Sexual harrassment insufficient evidence of sexual harrassment
Violations of the NCAA’s 20-hour limit on weekly required athletic activities The investigative committee forwarded this complaint to the school’s compliance department.

A shared document created by the swimmers includes some more specific complaints, ranging from making swimmers come to practice early to put in lane lines to allegedly “throwing punches at objects out of rage” and kicking a trash can at a meet.

The investigative document does not call for any specific sanction on Spahn, but he has been replaced as head coach and removed from the team website. We’ve reached out to the school and to Spahn for comment, but have not yet received a response.

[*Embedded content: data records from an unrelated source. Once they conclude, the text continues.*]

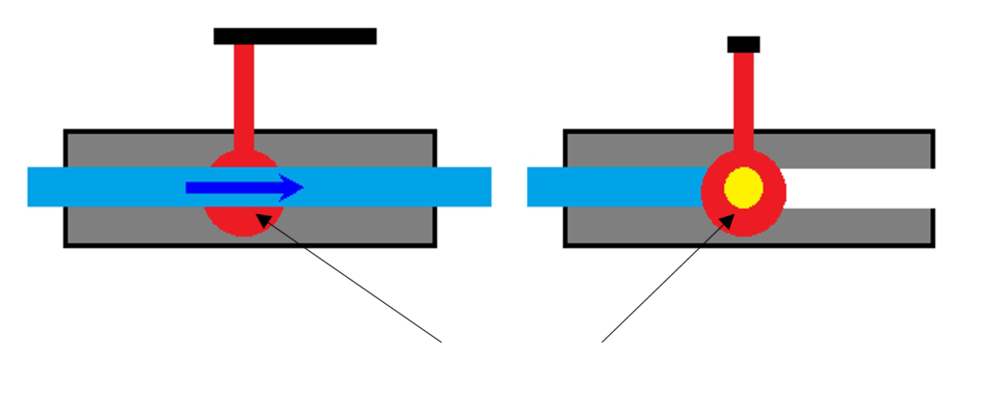 Vanne-vanne vs vanne d'arrêt : comprendre les différences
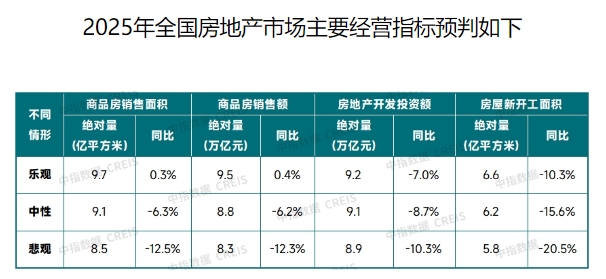 2025年蒲城房地产市场最新动态：房价走势揭秘与最新资讯一览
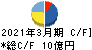 プロパティエージェント キャッシュフロー計算書 2021年3月期 プロパティエージェント キャッシュフロー計算書 2021年3月期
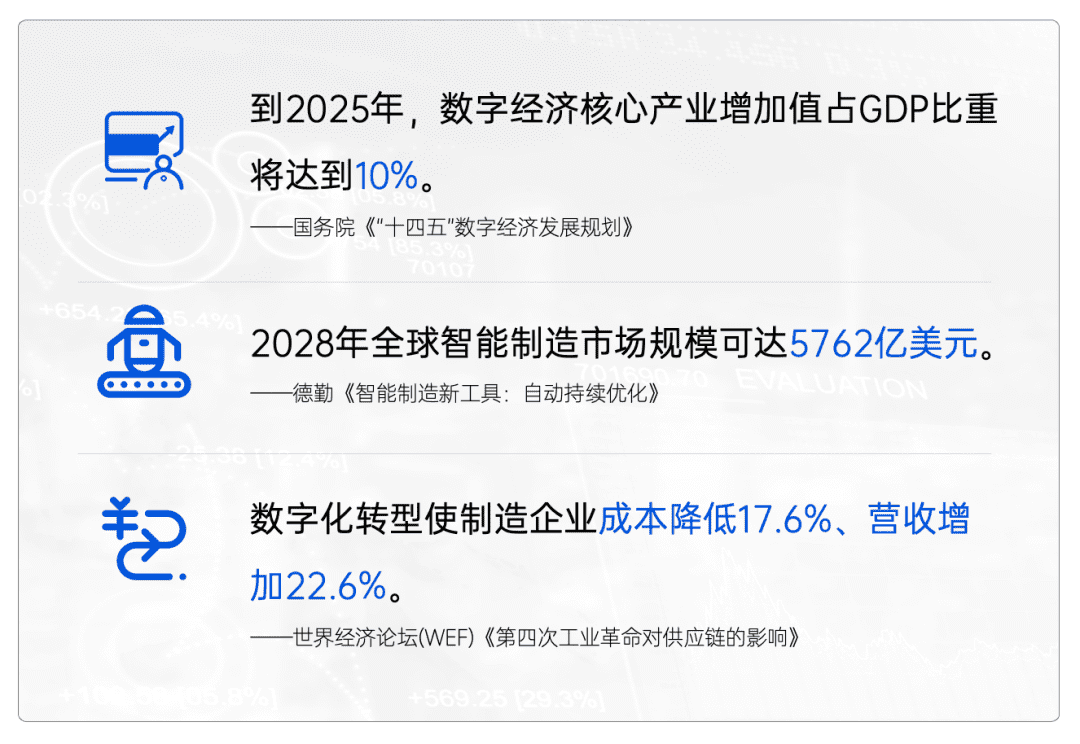 传统制造企业进行数字化转型，是翻身还是翻船？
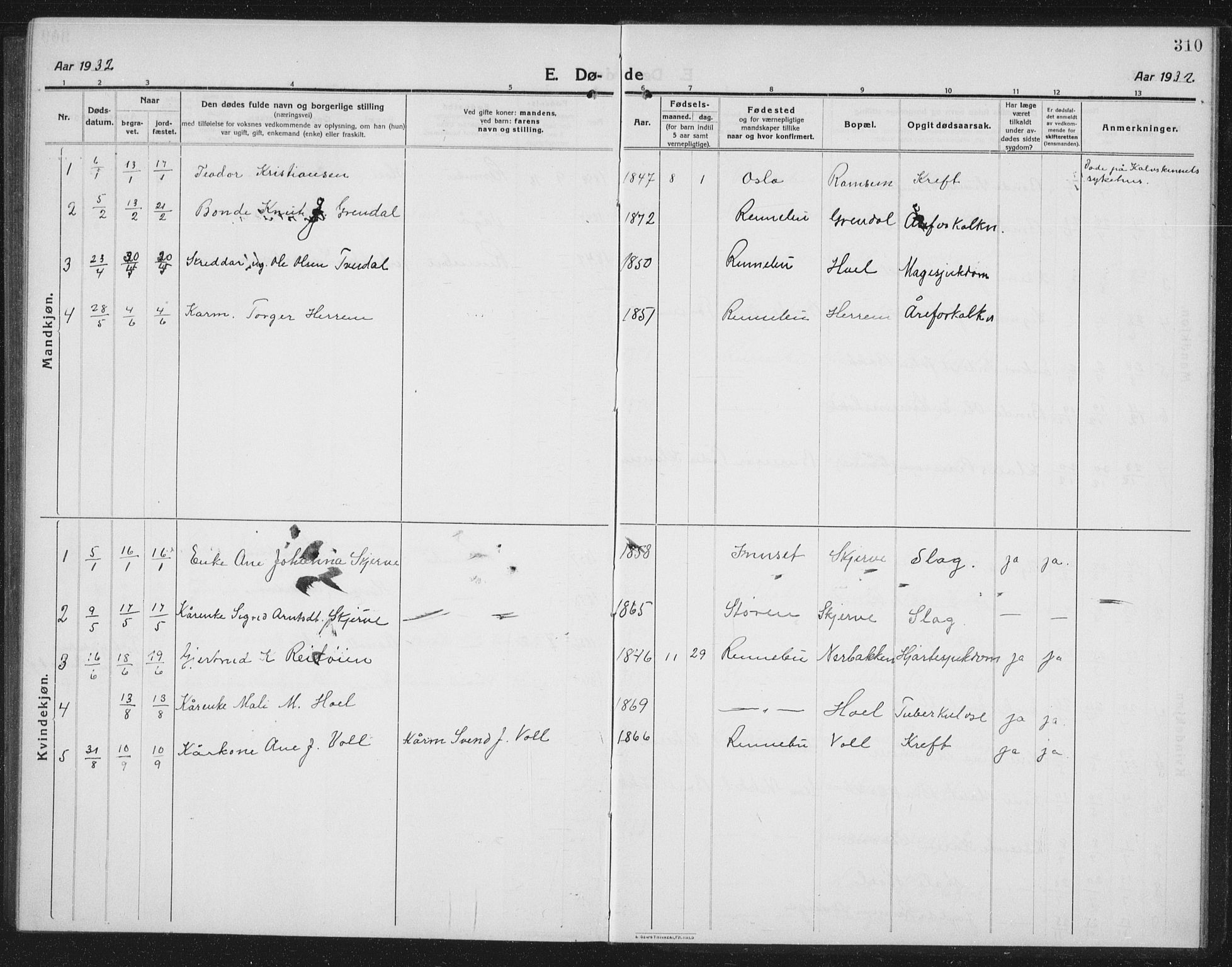 Ministerialprotokoller, klokkerbøker og fødselsregistre - Sør-Trøndelag, SAT/A-1456/674/L0877: Parish register (copy) no. 674C04, 1913-1940, p. 310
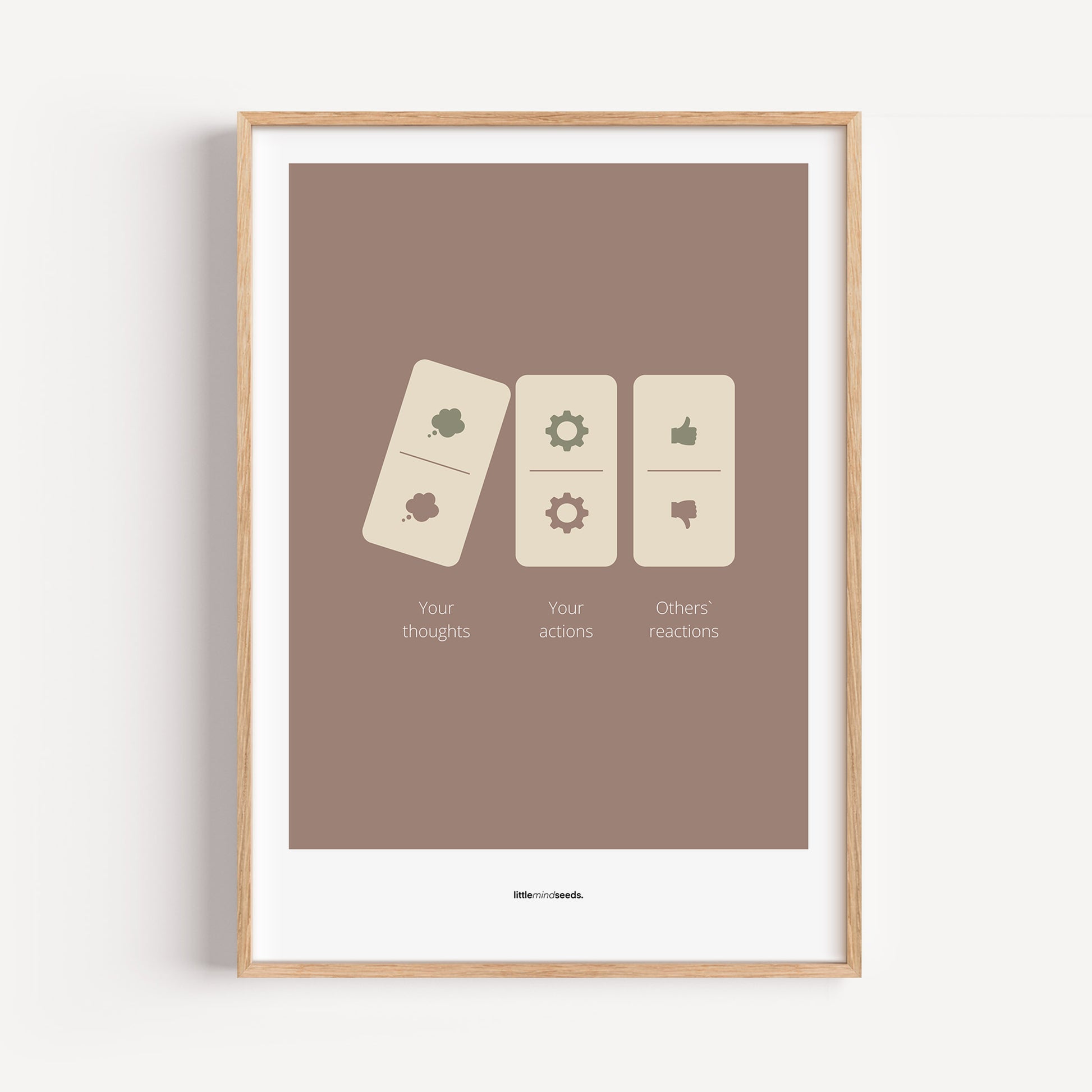 "Your Thoughts Turn Into Actions" – Resilience & Confidence Quotes for Subconscious Visual Learning | Motivational Quality Framed Poster– Brown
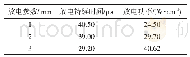 表2 不同气隙距离下DBD放电参数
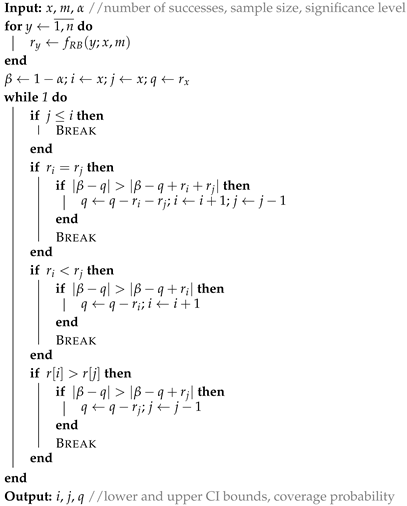 Symmetry 17 01090 i002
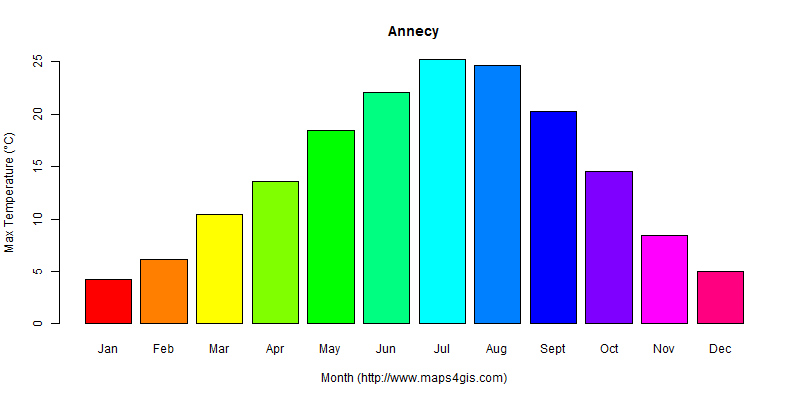The annual maximum temperature in Annecy atlas Annecy年最高气温图表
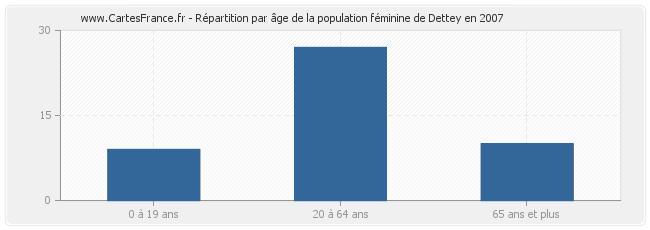 Répartition par âge de la population féminine de Dettey en 2007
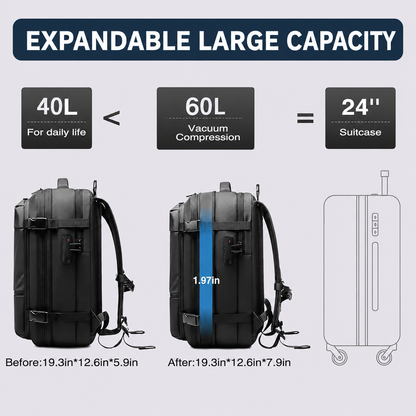 Vacuum Compression Backpack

Update: the school responded with the following statement from Athletic Director Steve Potts:

While the University cannot comment on private employment matters, Pepperdine Athletics takes seriously any concerns or allegations brought forward by student-athletes and investigates them appropriately and thoroughly. The physical and mental well-being of our student-athletes is the number one priority for Pepperdine Athletics. I am confident that the appointment of Coach Vincent as interim head coach of the women’s swimming and diving program will position the program for success going forward.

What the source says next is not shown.